Glass Half Full: parenting through teenage years
Updated: Nov 13
Most people tend to have either a positive or a negative outlook. Because a fruit of the Spirit is joy, I'm betting those in Jesus' camp lean toward the positive side. At a certain age—sometime during the teens—even the most optimistic children can lose their charge.
What’s a Christian parent of a brooding or disagreeable teenager to do?
I, for one, wanted to hide from my kids during those years. As locking myself in my room wasn’t an option, I worked on a game plan instead. My husband agreed to install a levee against the tide of frowns, gloom, and doom in form of a family gratitude journal.
As expected, gratitude journaling met with similar responses to family fun (some might call it "forced family fun" because at a certain age, who wants to do anything with their parents, especially if it revolves around prayer time?).
Forced family GRATITUDE (FFG) consisted of each family member stating something for which he/she was grateful. It could be as simple as eating a favorite dessert or getting a good grade in school. Because there is so much for which to be thankful, we encouraged originality—no copying others’ answers.
One child penned our answers; she took great ownership (maybe even a heavy-handed approach) in how our gratitude should be recorded (the less to write, the better). Coming up with one answer for which to be grateful was easy, but it took deeper digging for multiple unique responses. "Ummm ..." and "Hey, you took my answer!" were common.

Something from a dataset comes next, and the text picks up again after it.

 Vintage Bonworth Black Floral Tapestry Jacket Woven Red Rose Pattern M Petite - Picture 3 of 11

Over time, we evolved from the obvious like new tennis shoes, to the not-so-obvious, like clean socks, to the novel, like Chapstick. It became a fun game to see who could come up with the cleverest responses. We soon forgot to be grumpy during this so-called "forced" exercise.
As grown-ups complain plenty too, the gratitude journal helped my husband and me keep our complaints in perspective. A unique response was when my husband was grateful for our high heating bill. Why? Because our family had stayed warm.

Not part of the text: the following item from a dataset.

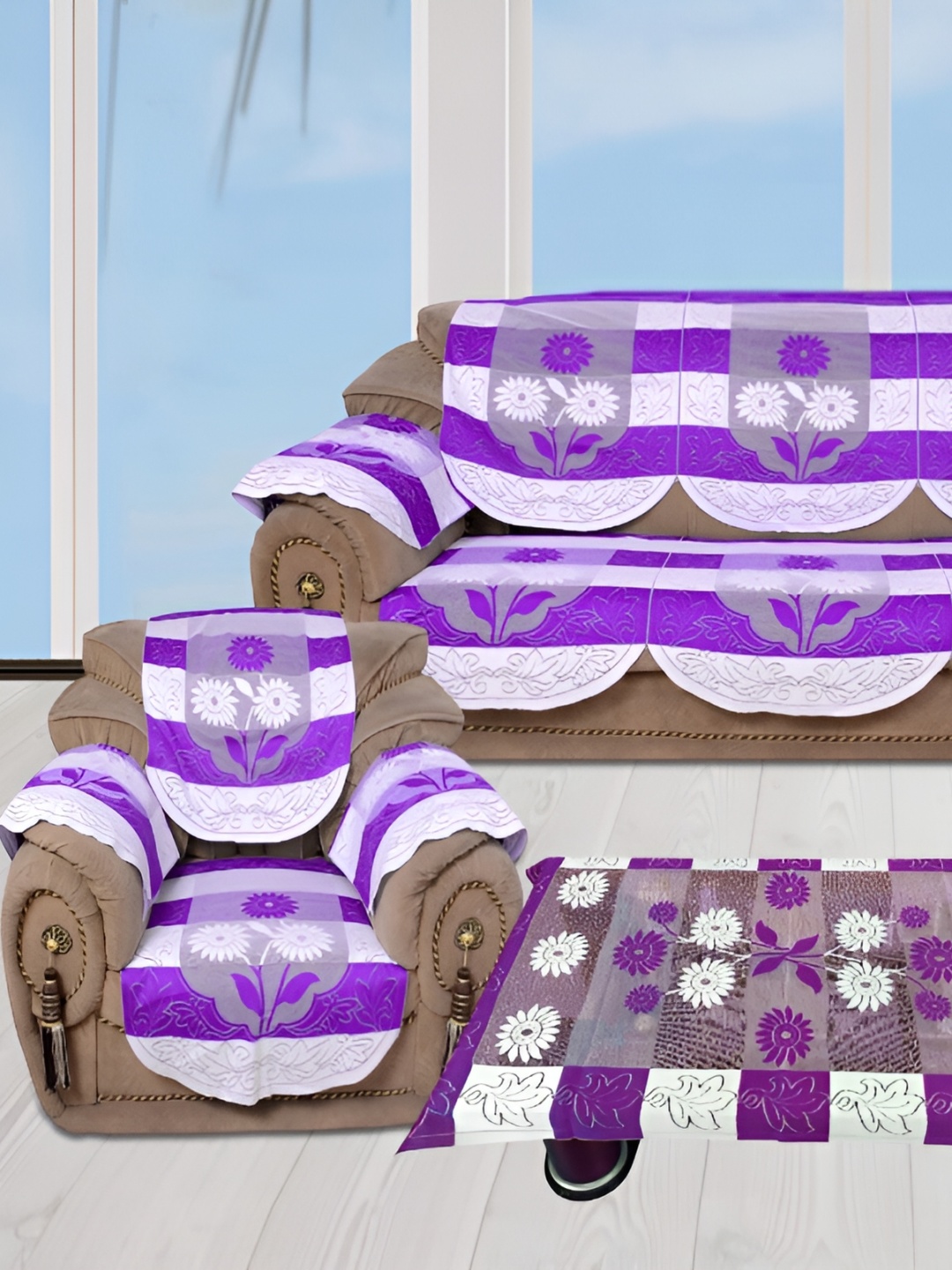 

BIGGER FISH Purple 16 Pieces 5 Seater Sofa Covers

Guests and visitors humored us by eagerly participating in our gratitude journal ritual. They started out by saying they were most grateful for their gracious hosts—us! Of course, we never disagreed with their obligatory assessments.
Ten years into our routine, we are delighted to discover our journal is thick with history. Not only have we accumulated an account of family and friends who had come to visit, but we had recorded major life events such as college acceptances and rejections, big and small travels, and other poignant memories. Fortuitously, our forced family gratitude has evolved into a family journal.
No longer grumbling about gratitude journaling, we enjoy reading through entries and recollecting the stories behind them. In an entry from 2014, one child said she was grateful for not hitting her head on a rock. This prompted a memory and laughter about the time we went rock climbing for the first time with their cousins. As newbies, we were grateful for getting out unscathed from climbing, although there were a few close calls. Reminiscing about events by reading past entries is an added benefit to our gratitude journal.
We still grumble a lot. It takes work to ward off negativity and to consistently adopt a positive outlook. But the journal has made us grumble less. For that, I am grateful.